Mais selon une note de l’Office national des Statistiques (ONS) d’avril 2018 sur l’emploi, leur part dans la population en activité connaît une « quasi-stagnation », autour de 18%.

Le droit de vote et d’éligibilité à toutes les fonctions leur est acquis, mais les conservatismes sociaux et religieux, dans un pays où l’islam est religion d’Etat, pèsent sur leur présence dans l’espace public au profit du foyer domestique.

Leurs droits juridiques dans des domaines comme le mariage, le divorce ou les successions sont inférieurs à ceux des hommes. Et les fléaux des violences contre les femmes et du harcèlement restent encore faiblement combattus, soulignent les associations qui leur viennent en aide.

En tête des revendications féministes, l’abrogation du Code de la famille de 1984, qui sous l’influence des traditionalistes se revendique de la charia (loi islamique) au détriment de l’égalité entre les sexes pourtant prévue par la Constitution. Des discriminations en matière de statut familial perdurent malgré une révision en 2005.

Pour Meriem Belaala, responsable de l’association SOS Femmes en détresse, la forte participation féminine dans les défilés s’explique aussi par ces inégalités.

« Les problèmes de santé ou d’éducation touchent tout le monde, mais les femmes encore plus parce qu’elles ne sont pas des citoyennes à part entière », souligne-t-elle.

Mais avancer des revendications féministes, potentiellement clivantes au sein de la population, a fait débat au commencement du mouvement de contestation, dominé par des appels consensuels à un changement politique.

Le faible écho des revendications propres aux femmes lors des premières journées de mobilisation a finalement incité des féministes à monter en puissance pour que « les droits des femmes ne passent pas une nouvelle fois à la trappe », souligne Fadéla Chitour.

Désormais, « on veut bien participer aux collectifs politiques, mais il faut pouvoir y injecter nos revendications », ajoute-t-elle.

La mobilisation de nombreuses femmes de tous les secteurs de la société, « y compris les plus conservateurs », va « constituer un repère positif supplémentaire pour installer la mixité comme nouvelle norme sociale », estime pour sa part la syndicaliste et féministe Soumia Salhi.

Mais pour l’instant, « ce qui domine, c’est la revendication politique », même si les droits des femmes « apparaissent ça et là », reconnaît-elle. Une « coordination féministe » a ainsi décidé d’organiser une permanence devant l’université d’Alger les jours de manifestation.

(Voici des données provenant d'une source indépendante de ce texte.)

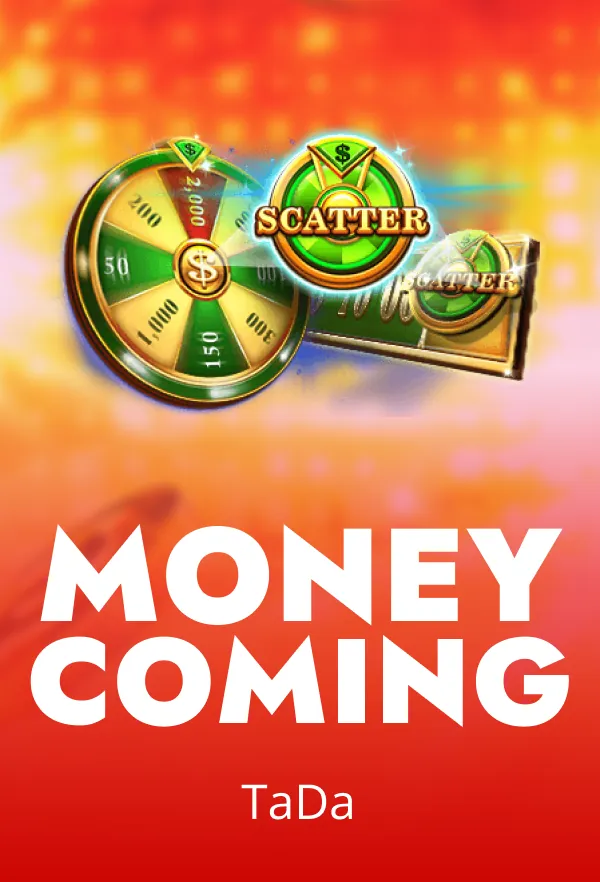 HCHBET COM: How to Register & Login for Nigeria Casino Online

« Il faut aussi penser à l’Algérie profonde » ou le poids des traditions reste tenace, reconnaît Mme Belaala. Et continuer de se battre contre une propagande présentant les droits des femmes comme le combat de « salonnardes à la solde de l’Occident ».

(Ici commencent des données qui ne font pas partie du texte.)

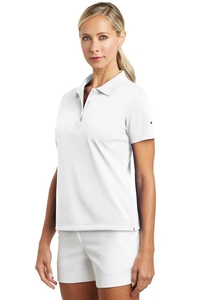 203697 - Nike Golf Ladies Tech Basic Dri-FIT Polo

Plusieurs fois par le passé, en particulier après l’indépendance en 1962, « les femmes ont été applaudies, et puis les hommes on repris l’espace public », déplore-t-elle.

« Même si le système s’en va, le plus gros du travail restera à faire. On ne change pas comme ça deux ou trois décennies d’une espèce de dictature, et les mentalités ne changent pas du jour au lendemain non plus », constate-t-elle. « C’est un travail de longue haleine, ce n’est pas gagné ».